政府の原子力災害対策本部は16日、福島第1原発周辺の警戒区域、計画的避難区域の外にあるものの、局地的に放射線量が高い「ホットスポット」を「特定避難勧奨地点」に指定し、避難を希望する住民を支援すると発表した。事故後1年間の積算放射線量が20ミリシーベルトを超えると推定される地点が対象で、住居単位で指定する。
同日、原子力安全委員会(班目春樹(まだらめ・はるき)委員長)に報告、了承された。
これまでの国などの調査では、福島県伊達市霊山町と南相馬市原町区の一部で20ミリシーベルトを超えると推定される地点が見つかっており、政府は当面の対象候補としている。
対策本部はこれらの地域について「一律に避難を求めるほどの危険性はない」とする一方で、「(ホットスポットに長時間とどまるなど)生活形態によっては20ミリシーベルトを超える可能性も否定できない」と説明。特に妊婦や子どものいる世帯には避難を促すよう自治体側と調整するとしている。
指定の手順は、まず文部科学省が詳細な放射線量を調査。年間20ミリシーベルトを超えると推定された場合、放射性物質の除染が可能かどうかを検討する。除染が困難と判断されれば、自治体と相談した上で勧奨地点に指定。放射線の影響について個別に情報を提供し、避難しようとする人に避難先の紹介などを行う。

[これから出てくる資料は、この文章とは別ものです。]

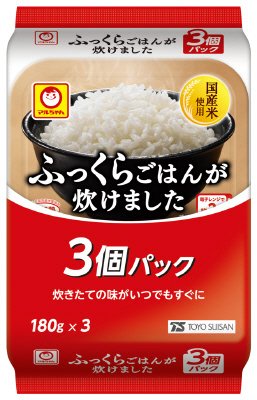 ふっくらごはんが炊けました　３個パック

指定に向けた調査は伊達、南相馬の両市で既に始まっており、今後は自治体と相談しながら調査地点を増やす。
政府はこれまでに、1年間の積算放射線量が20ミリシーベルトに達する恐れのある地域を計画的避難区域に指定。だが避難区域外でも局地的に空間放射線量の高いホットスポットがあることが分かり、対応を検討していた。
※ホットスポット
周辺に比べて局地的に数値が高い領域のこと。周辺より温度が高い場所という意味でそう呼ばれる。原発事故では、放出された放射性物質が周囲と比べて高濃度に降下、蓄積し、高い空間放射線量が検出される地点のことを指す。事故で陸地や海に放出された放射性物質は同心円状に均等に広がるのではなく、風や海流の向き、地形、土壌の性質などの影響により偏りができる。